Eligibility criteria (includes): it is a Secured Senior Obligation, a Corporate Rescue Loan, an Unsecured Senior Obligation, a Mezzanine Obligation, a Second Lien Loan or a High Yield Bond, in each case; it is not a lease (including, a financial lease); it is not a Structured Finance Security or a Synthetic Security; it is not a Zero Coupon Security; other than a Corporate Rescue Loan or Uptier Priming Debt, it has a Fitch Rating and a S&P Rating of not lower than “CCC-”; it is not a debt obligation which pays interest only and does not require the repayment of principal; it is an obligation of an Obligor or Obligors Domiciled in a Non-Emerging Market Country (as determined by the Collateral Manager acting on behalf of the Issuer); it is not a Project Finance Loan; it is not an ESG Excluded Obligation or an ESG Prohibited Collateral Obligation.
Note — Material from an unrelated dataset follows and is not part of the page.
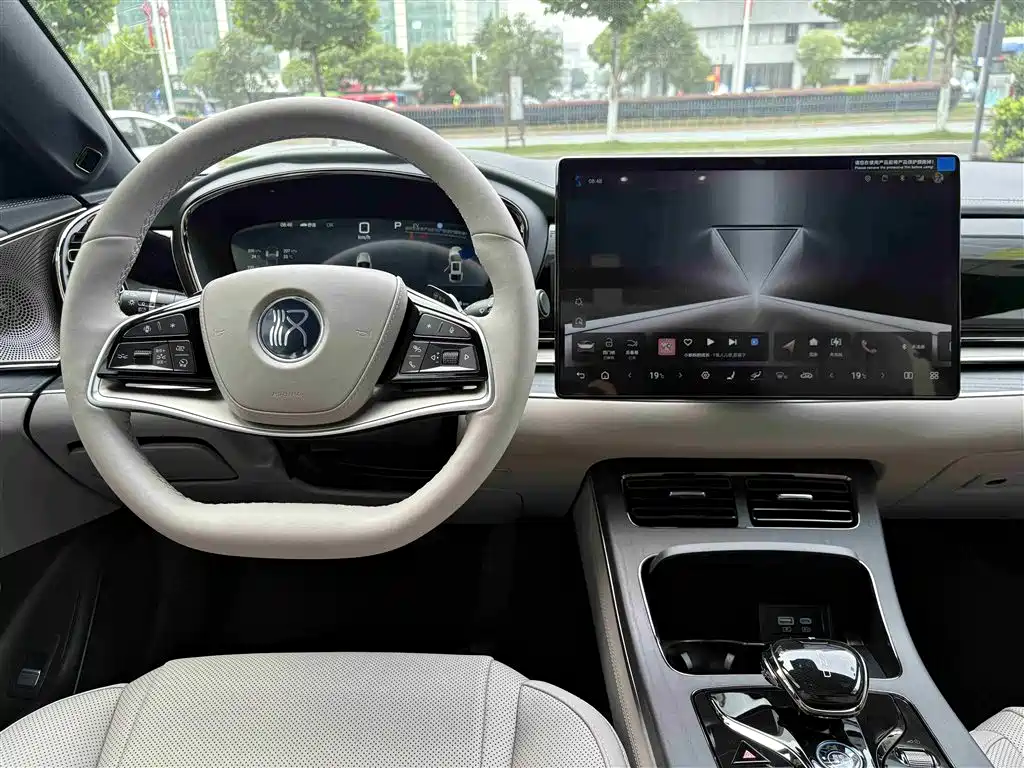BYD Han 2025 DM-i Smart Driving Edition 125KM LiDAR Flagship фото 11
The Issuer anticipates that by the Issue Date it, or the Collateral Manager on its behalf, will have purchased or committed to purchase Collateral Obligations the Aggregate Principal Balance of which is equal to at least € 352mln, which is approximately 88.0% of the Target Par Amount.

The Notes will be offered by the Issuer through JP Morgan or an affiliate thereof in its capacity as initial purchaser and sole arranger for the offering of such Notes subject to prior sale.

EU/UK Risk Retention: CQS (UK) LLP, in its capacity as Retention Holder, will acquire the Retention Notes on the Issue Date and will undertake to subscribe for and retain the Retention Notes on an ongoing basis.

US Risk Retention: The Collateral Manager has informed the Issuer that neither it nor any of its affiliates intends to purchase or retain any Notes for purposes of complying with the US Risk Retention Rules on or after the Issue Date.